Pat Metheny et son orchestre de robots
avril 28th, 2010 Posted in Chansons, InteractivitéPat Metheny fait partie des plus grands guitaristes de jazz au monde. Il s’est toujours beaucoup intéressé à la musique électronique, notamment en utilisant très tôt des synthétiseurs pilotés depuis un clavier. Son dernier album, Orchestrion, amène ses recherches en matière de musique électronique plus loin que jamais, puisqu’il est à présent tout seul pour piloter un orchestre mécanique. Le nom Orchestrion n’a pas été inventé par le guitariste, il est employé depuis plus de deux siècles pour désigner des orchestres mécaniques divers.
Metheny n’utilise ici que des instruments acoustiques ou électro-acoustiques traditionnels — percussions, piano, xylophone, etc.
Il dirige ses instruments mécanisés depuis sa seule guitare, ce qui lui permet de jouer « live », c’est à dire sans fusionner des pistes pré-enregistrées et sans séquenceur musical. Je ne sais pas comment tout cela fonctionne techniquement, mais le résultat est bluffant, les instruments se répondent dynamiquement comme le feraient des instrumentistes expérimentés, et comme l’a toujours fait le Pat Metheny Group — ici remplacé par un dispositif mécanique.
Je ne pense pas que cette réalisation soit mue par une volonté futuriste, comme dans le « Synth Pop » évoqué dans l’article précédent. La technologie est mise au service d’une imitation parfaite d’un orchestre acoustique traditionnel, le son obtenu n’a rien d’inédit et ne se distingue pas du reste de la production de Pat Metheny. L’impression que me font les images est curieuse : j’admire la technologie mise au point et la virtuosité de l’artiste, mais en même temps, il me fait l’effet de l’empereur Qin au milieu de sa multitude de soldats d’argile : tellement entouré en apparence, tellement certain de contrôler son univers, que sa solitude n’en est que plus flagrante.
L’étape suivante, peut-être, c’est que l’orchestre pourra se passer de direction, les instruments pourront improviser de l’excellent jazz tout seuls. Sur sa page consacrée au projet Orchestrion, Pat Metheny cite d’ailleurs Ray Kurtzweil, un des pionniers de l’intelligence artificielle.
5 Responses to “Pat Metheny et son orchestre de robots”
By ben on Avr 29, 2010
incroyable !
je suppose qu’il enregistre une partie de la musique (la batterie par exemple) et puis après il peut piloter l’instrument qu’il veut :)
M a une guitare Midi branchée sur ses vidéos projecteurs (via max msp je suppose) en live, l’effet est parfait !
Par contre ça n’enrichit pas la palette de son de jouer des congas avec une batte de grosse-caisse ;¬)
By Jean-no on Avr 29, 2010
@ben : ben, je ne sais pas s’il enregistre quoi que ce soit justement. Il a l’air de dire que non.
By Karkaf on Avr 29, 2010
Waouh ! Il peut refaire tout seul à l’aise l’arrière de la pochette d’« Ummagumma » !
@ ben : Vu l’installation, il peut tout à fait ne rien enregistrer à l’avance, puisque chaque instrument peut être joué et samplé en direct. Mais alors, la mise en place de chaque morceau peut être très longue (jouer et sampler la batterie, puis jouer et sampler la basse, puis le vibraphone, etc.), avec des intros interminables vu le nombre de possibilités. Sur scène, j’imagine donc qu’il doit avoir des boucles préprogrammées.

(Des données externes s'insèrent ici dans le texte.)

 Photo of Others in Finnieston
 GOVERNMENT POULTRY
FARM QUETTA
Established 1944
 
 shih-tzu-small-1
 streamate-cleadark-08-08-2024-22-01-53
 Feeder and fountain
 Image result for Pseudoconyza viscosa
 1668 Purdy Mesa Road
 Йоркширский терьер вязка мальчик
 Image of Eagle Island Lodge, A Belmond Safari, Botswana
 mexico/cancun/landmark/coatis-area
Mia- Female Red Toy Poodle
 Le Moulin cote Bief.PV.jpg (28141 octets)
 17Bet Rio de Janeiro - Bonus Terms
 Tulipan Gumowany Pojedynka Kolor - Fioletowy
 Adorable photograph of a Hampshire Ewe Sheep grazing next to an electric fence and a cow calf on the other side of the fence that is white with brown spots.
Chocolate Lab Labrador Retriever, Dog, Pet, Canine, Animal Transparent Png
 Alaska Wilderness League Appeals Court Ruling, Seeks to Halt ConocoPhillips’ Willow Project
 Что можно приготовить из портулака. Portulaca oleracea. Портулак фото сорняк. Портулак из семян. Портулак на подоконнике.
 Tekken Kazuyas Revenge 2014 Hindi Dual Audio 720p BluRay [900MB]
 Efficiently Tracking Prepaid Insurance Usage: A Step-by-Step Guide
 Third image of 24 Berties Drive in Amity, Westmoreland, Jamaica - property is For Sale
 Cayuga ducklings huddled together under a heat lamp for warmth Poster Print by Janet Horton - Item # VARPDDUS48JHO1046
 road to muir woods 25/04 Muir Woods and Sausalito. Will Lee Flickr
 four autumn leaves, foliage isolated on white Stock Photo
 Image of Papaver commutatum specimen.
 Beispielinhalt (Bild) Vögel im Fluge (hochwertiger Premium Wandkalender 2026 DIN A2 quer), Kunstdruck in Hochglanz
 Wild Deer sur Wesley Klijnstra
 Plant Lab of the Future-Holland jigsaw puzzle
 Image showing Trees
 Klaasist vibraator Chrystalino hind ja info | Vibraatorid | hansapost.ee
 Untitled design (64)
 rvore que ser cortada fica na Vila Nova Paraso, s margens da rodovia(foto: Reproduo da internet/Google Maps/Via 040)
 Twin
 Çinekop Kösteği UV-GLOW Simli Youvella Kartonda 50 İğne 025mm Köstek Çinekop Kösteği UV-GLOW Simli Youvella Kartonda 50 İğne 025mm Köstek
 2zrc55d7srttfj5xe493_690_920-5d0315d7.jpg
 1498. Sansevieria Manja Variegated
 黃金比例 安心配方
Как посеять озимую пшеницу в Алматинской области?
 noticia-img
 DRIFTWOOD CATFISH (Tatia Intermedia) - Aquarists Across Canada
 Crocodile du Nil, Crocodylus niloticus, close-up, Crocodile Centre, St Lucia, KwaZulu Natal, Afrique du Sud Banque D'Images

Dans la vidéo, il a l’air très content de pouvoir improviser avec son petit orchestre perso, mais on atteint là une limite, il me semble : pendant que lui improvise, derrière, ça tourne en rond. Le jazz, c’est aussi de l’écoute et de la réaction en chaîne, pas seulement des solos sur des séquences…
À moins qu’il ait aussi quelque chose du goût d’OMax, une alliance de Max/MSP et OpenMusic qui permet d’improviser avec des machines… (cf. la page d’Omax ici : http://recherche.ircam.fr/equipes/repmus/OMax/, ou « Improvisation et réinjection stylistiques » par Gérard Assayag, Georges Bloch et Marc Chemillier, dans « Nouveaux médias, nouveaux contenus », Apogée 2009) ?
By Pull on Mai 1, 2010
Si on s’intéresse aux bricolages et aux synthés, dans cette note et dans la précédente, il serait bon de citer les Silver Apples, avec Simeon Cox fan de rock et passionné d’électronique qui se bricole « The Simeon » un instrument étrange fait d’oscillateurs, des circuits faits à la maison, de pédales multiples. Machine capricieuse.
On est en 1967. Un trois bonnes longueurs d’avance.
Un bon article sur ce groupe précurseur se trouve dans le troisième numéro de la revue Recoins.